I visit a colleague I used to work with. A woman who survived breast cancer over thirty years ago. A woman who turned down radiotherapy and chemotherapy. “But hers was a different type,” the voice of doom that I am constantly trying to cajole tells me. “Shut up!” I snap and arrive at her place banging my car hard against the kerb outside her house. Two boys look up, shocked at both the noise and the event. She comes to the door “Was that you?” And yes, here I am, arriving with a bang. Here I am tumbling out of the car with my chaotic cells and a tiny bright yellow pot of tête-à-tête.
She tells me I must nurture myself and is concerned that my new diet is making it difficult for me to join her for breakfast. In my chaos I forget to bring anything along. In truth I am in an extreme place with my food. Not wanting to promote growth of the cancerous cells I have almost cut food itself out of my diet. At least this is how it feels now, but I am finding my way. The juicer will arrive soon and a water ioniser. I will get my head around the cooking of organic pulses and rice. I will work some balance into it. As it is, it is one of the few things I actually have control over so I am really going for it.
I go for acupuncture. She is attentive. She is thorough. We work on the fear of the cancer spreading. I realise that this is why I am feeling so resistant to the sentinel node biopsy which will be part of what will be done in three days time. I am scared to know the secrets it will yield. I am scared to know more, in case there is more. After the acupuncture it feels clearer. I will go with that procedure.

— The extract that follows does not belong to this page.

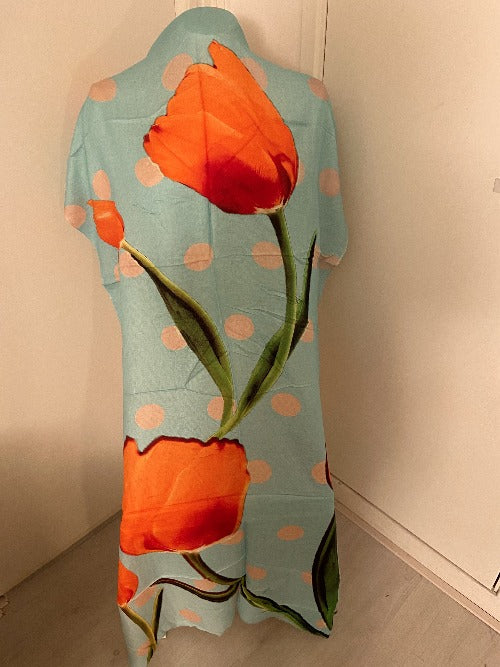 Handcrafted Silk Scarf. Red coral, light pink, dark green, and orange, light turqoise with tulips .460. Size: +- 195x80 cm.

I can feel the buzz and throb that the needles activate in my body. Something is shifting. It reaches the serpent that rolls sleepily inside me. This is my energy! It can’t snooze! Not now. But it is tired. I am tired. I don’t know how it is I can drive home after the treatment. The calmness that surrounds me is totally new.

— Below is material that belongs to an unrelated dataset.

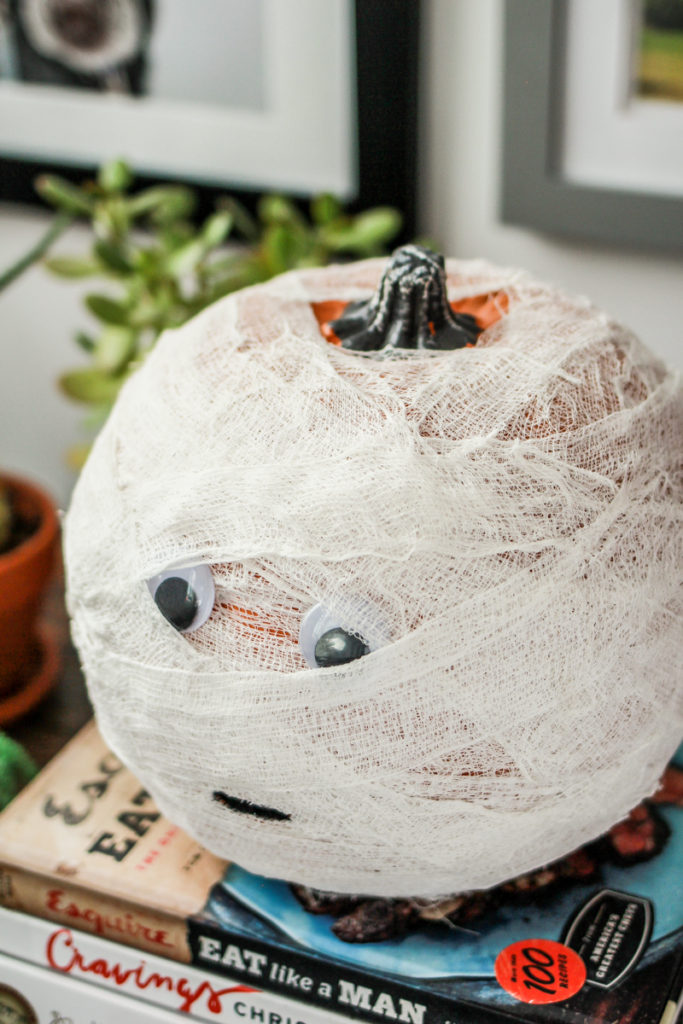 DIY Mummy Pumpkin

One thing I am starting to realise is that everything must change. The severity of the illness demands it. I know that one of the things I must attend to is my home. I can’t stay here. It is not a house for the sick. It is old and thick-walled and cut into the side of the hill. To heat it takes effort; wood and lifting. Most of all it is damp. My acupuncturist is precise: “It is damp and stagnation that creates tumours in the body. If you stay in the damp you will die.” I know she is right.
First I will rest. I will not go to work in the next couple of days. I will gather energy for what is to come. I will let it happen. Then I will recover. I will hunker down and heal. Then I will look at what needs to change. I will uproot. There is no nourishment where I have planted myself. It is barren soiled, water polluted, stifling and airless. It is time to let go of old ways.